In Todd Field’s Tár, Cate Blanchett is phenomenal as the titular force-of-nature conductor – fully in control, even when her character isn’t. Reviews by Alistair Harkness
Cate Blanchett in Tár PIC: Florian Hoffmeister / Focus FeaturesCate Blanchett in Tár PIC: Florian Hoffmeister / Focus Features
Cate Blanchett in Tár PIC: Florian Hoffmeister / Focus Features

Tár (15) ****

M3GAN (15) ****

Enys Men (15) ***

Tár opens like a found-footage horror movie. A smartphone in portrait mode secretly records the slumped, sleeping figure of a woman traveling on a private plane while a text conversation between two unseen participants flashes up on screen mocking her. The woman in question, played by Cate Blanchett, is the film’s protagonist, Lydia Tár, a renowned classical music conductor to whom we’ll soon be properly introduced via an extended onstage interview with New Yorker staff writer Adam Gopnik (playing himself). This subsequent scene, shot in an aesthetically pleasing way, shows Lydia at her best: confident, erudite, witty and, most importantly, in control. The phone footage does the opposite. Infiltrating her gilded life without her permission, the camera’s blunt, voyeuristic immediacy is a portent of things to come. Over the next two hours and 40 minutes, we’re going to see what happens when her hitherto privileged existence crashes headfirst into a world she’s done her best to block out.

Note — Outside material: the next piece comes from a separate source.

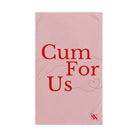 Cum For Us | Mix & Match Classic Fun-Flirty Lovers’ Towels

The first major sign that all’s not well in Tár’s world comes when a masterclass at Juilliard, New York’s elite performing arts conservatory, devolves into a showdown with a young conducting student who makes a point of identifying as a “BIPOC pan-gender person” in an attempt to explain why Bach’s misogyny invalidates his work as a composer in the 21st century. Tár pounces and destroys the argument, singling out its maker’s narrow-minded narcissism in the process. In return, she’s called a “f***king bitch”. Misogyny, it seems, can lurk beneath the surface of even the most conscientiously constructed identity.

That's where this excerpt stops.